И, поднявшись, стараясь не показать, как кружится голова, направился к выходу.

- Я вас очень прошу, Сергей Александрович. Вы не подумайте, что я трус, но посидите пока здесь. Я сам все сделаю, вы только будьте рядом.

"Мерзавец, - подумал Панков, - хочет взять в соучастники. Но, впрочем, он прав. Мы оба виноваты. А если я уйду, то сам буду трусом. Уж до конца, так до конца."

Не говоря ни слова, вернулся в палату.

- Выйдите, - сказал он медсестрам и, подождав, когда они молча выйдут из палаты, обратился к Ганину: - Давай.

Побледневший Ганин засуетился, принес необходимое, молча подал.

"Трус, - подумал Панков, - он сам сейчас бежал бы со всех ног от этого кошмара. Ничего, пусть видит. Проклятая медицина, в ней тоже учишься на ошибках, только эти ошибки приводят к чужим болезням и смертям. Чертово ремесло. Вылечу язву и уйду из хирургии. Еще не слишком поздно".

Левой рукой он нащупал пятое межреберье, помедлил немного и воткнул длинную стальную иглу в тело. Потянул поршень на себя. В шприц тонкой, яркой и удивительно красивой струйкой влилась кровь.

- Руку на пульс!

Ганин торопливо приложил пальцы к сонной артерии.

"Ну, вот и все, - подумал Панков. - Сейчас сердце остановится. Я буду убийцей в своих глазах и в глазах этого молокососа. Я ни от кого не скрою это и никто не осудит меня. Быть может, это удар милосердия, но все равно я убийца."

Не отводя глаз, он смотрел, как кровь окрасила раствор в шприце в алый, карминный цвет, и этот цвет, самый любимый, стал ненавистен ему.

"Кровь, - подумал он. - Какая мерзость."

Уверенным движением он быстро нажал на поршень и красное, алое, карминное, влилось в сердце.

Выдернул иглу, не глядя на больную, отбросил пустой шприц.

Идя по коридору, Панков услышал, как замолчал респиратор, перестал вбивать свои невидимые гвозди в несуществующие доски.

Его покачнуло. Он прислонился к стене.
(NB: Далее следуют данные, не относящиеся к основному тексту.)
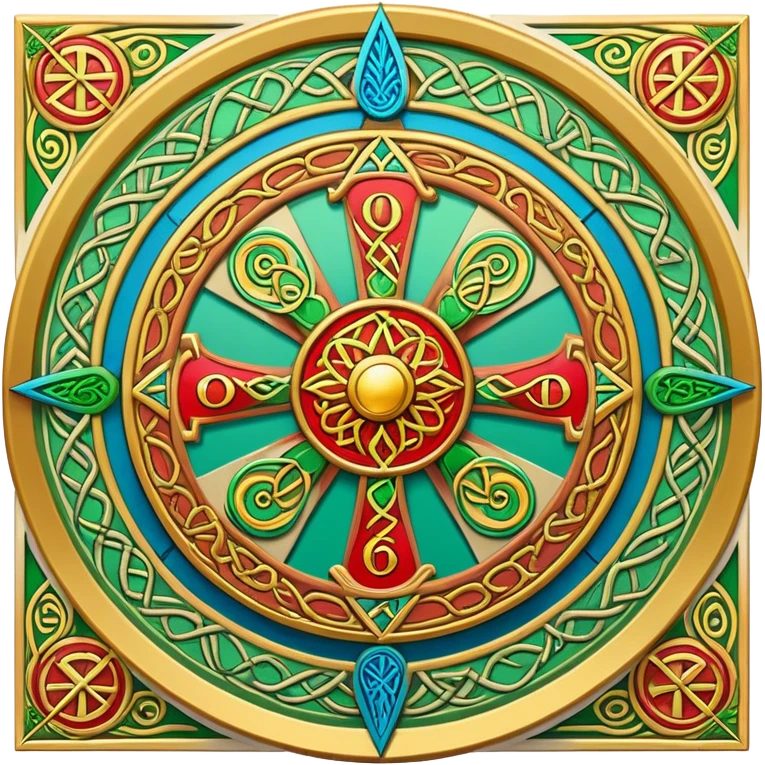 Wheel of fortune Celtic tarot card emoji
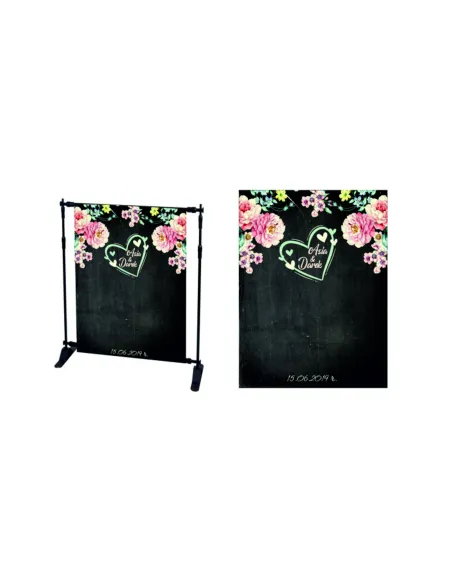 Tło fotograficzne ścianka do zdjęć wesele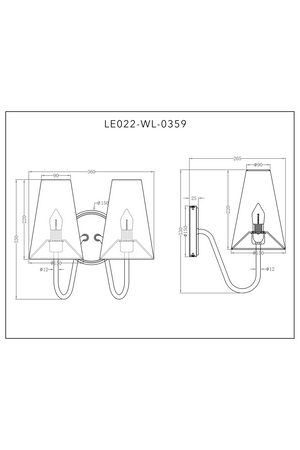 White Linen Wall Lamp | Liang & Eimil Gildan | Oroa.com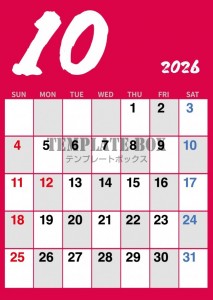 ２０２６年１０月…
Неудержимо подступала тошнота.

- Нина, - тихо позвал он. - Нина, где ты?

- Я здесь, - услышал он голос.

Саму ее он уже не видел. Перед глазами плыло красное, горячее облако.

Он ощутил прикосновение к локтю, мягкое и сильное. Она поддержала его.
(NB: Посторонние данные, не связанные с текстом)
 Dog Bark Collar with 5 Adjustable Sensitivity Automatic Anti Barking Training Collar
- Облокотись на меня, Сережа, - услышал он. - Ничего, сейчас я доведу тебя до постели, ты полежишь и будет легче. Хочешь, я тебе еще укол поставлю?

Из глубины живота поднималась мутная волна, что-то содрогалось внутри, сокращалось, жгло неимоверно.

"Язвенное кровотечение... Дождался..."

В рот хлынула горячая влага. Панков не удержался и красная, темная, почти черная кровь вырвалась на свободу.

Он открыл глаза и впервые испугался, увидев сок своего тела, преображенный и освобожденный.